Amundi and Deutsche Bank’s DWS Group are downgrading billions of dollars worth of ESG funds, adding to the sense of confusion spreading across the European wealth management industry as it digests tighter regulatory guidelines.
mundi is reclassifying nearly all funds listed under the EU’s highest ESG category, known as Article 9, said a spokesman for Europe’s largest wealth manager.
Instead, the funds will be classified as Article 8, the spokesman said, referring to the EU’s less strict environmental, social and governance class of funds. The decision reflects “a conservative approach” as Amundi seeks to adapt to the EU’s evolving regulatory environment, the person said.
According to data compiled by Morningstar Direct and verified by Amundi, Amundi had nearly €38 billion in Article 9 products at the end of October. A DWS spokesman said the downgrades affect around €2 billion in fund assets.

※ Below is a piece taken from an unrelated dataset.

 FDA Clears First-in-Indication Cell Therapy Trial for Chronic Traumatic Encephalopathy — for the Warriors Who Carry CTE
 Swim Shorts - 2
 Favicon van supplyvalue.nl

Morningstar expects at least $85 billion (€82.5 billion) of industry-wide Article 9 funds to be downgraded in the coming weeks and months.
“We expect many, if not all, of what we call ‘climate-aware’ and ‘low-carbon’ funds to move from Article 9 to Article 8,” said Hortense Bioy, Morningstar’s global director of sustainability research.
Asset managers are purging their portfolios of the once coveted Article 9 label amid growing confusion over the EU’s anti-greenwash regime, the Sustainable Finance Disclosure Regulation (SFDR).
The framework, intended to be the global gold standard for ESG investing, has been tainted by seemingly endless loopholes and inconsistencies, which have struck companies like BlackRock, Axa Investment Management, Pacific Investment Management and Goldman Sachs Group’s NN Investment Partners.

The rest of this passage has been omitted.